AI & ML Beginner By Samson Tanimawo, PhD Published Mar 29, 2026 9 min read

What Is a Large Language Model?

A large language model is a neural network with a staggering number of parameters, trained on most of the internet, doing one thing: predicting the next token. Scale is the feature.

The core: predict the next token

At the centre of every LLM is a simple objective: given a sequence of tokens, predict the next one. That’s it. Pretraining optimises for this single objective, and every downstream ability, translation, summarisation, code generation, reasoning, is an emergent consequence of doing it very well.

A tokens is typically a common word or a word-piece. The model has a vocabulary (usually 50k-250k tokens) and assigns a probability to each token being the next one. Training nudges those probabilities so the observed next-token in training data gets higher probability.

What “large” actually means in 2025

The “large” in LLM refers to two numbers: parameters and training tokens.

Parameters: the adjustable numbers inside the model. Modern frontier LLMs range from 7B (small, runs on a laptop) to 400B+ (frontier, runs on a GPU cluster).
Training tokens: the amount of text the model saw during pretraining. Frontier models see 10-30 trillion tokens. A trillion tokens is roughly 750 billion English words, more text than any human reads in a thousand lifetimes.

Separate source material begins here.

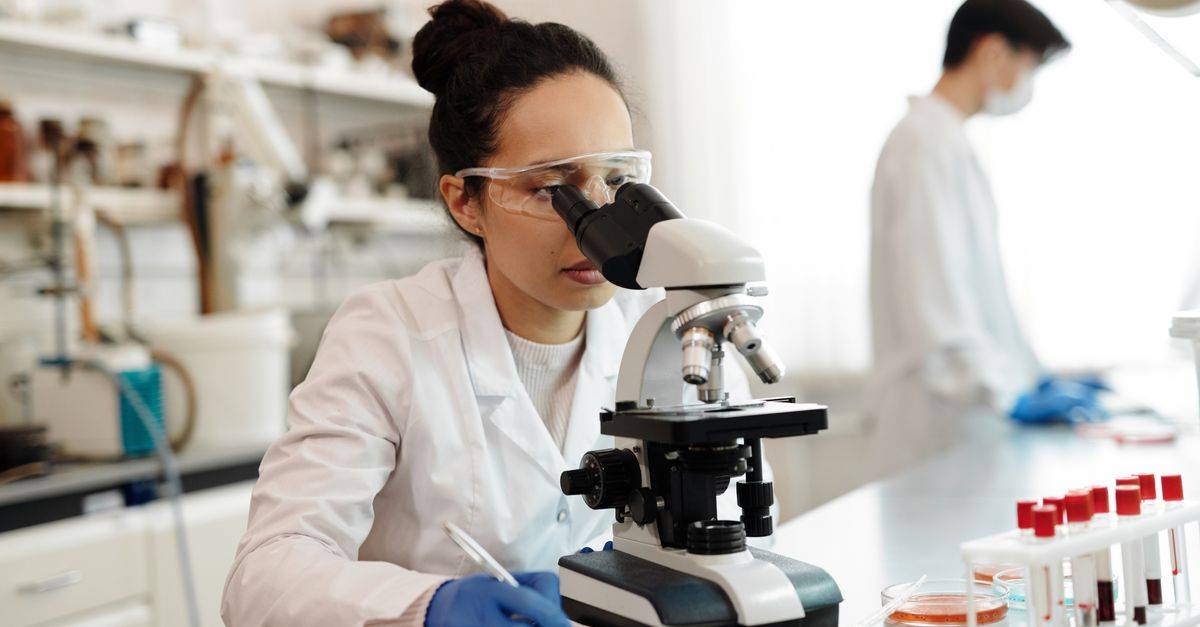 A scientist in a lab coat using a microscope in a modern laboratory setting.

The “Chinchilla scaling law” (Hoffmann et al., 2022) established that for a given compute budget, training a smaller model on more data usually beats training a bigger model on less data. Modern LLMs are built around this: not as big as possible, but matched to the training data budget.

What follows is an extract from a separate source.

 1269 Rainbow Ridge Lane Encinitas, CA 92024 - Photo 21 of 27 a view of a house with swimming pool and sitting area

Capabilities that emerged with scale

The striking thing about LLMs is that several capabilities weren’t trained for explicitly, they appeared when the model got big enough. Some examples, ordered by roughly the scale at which they emerged:

Fluent text generation: emerged around 100M-1B parameters.
Translation between languages (without being trained as a translator): around 1B-10B.
Basic arithmetic and reasoning chains: around 10B-70B.
Following complex multi-step instructions: around 70B+.
Writing working code from requirements: around 70B+.
Self-correction when asked to review its own work: larger still, and not fully emergent in all models.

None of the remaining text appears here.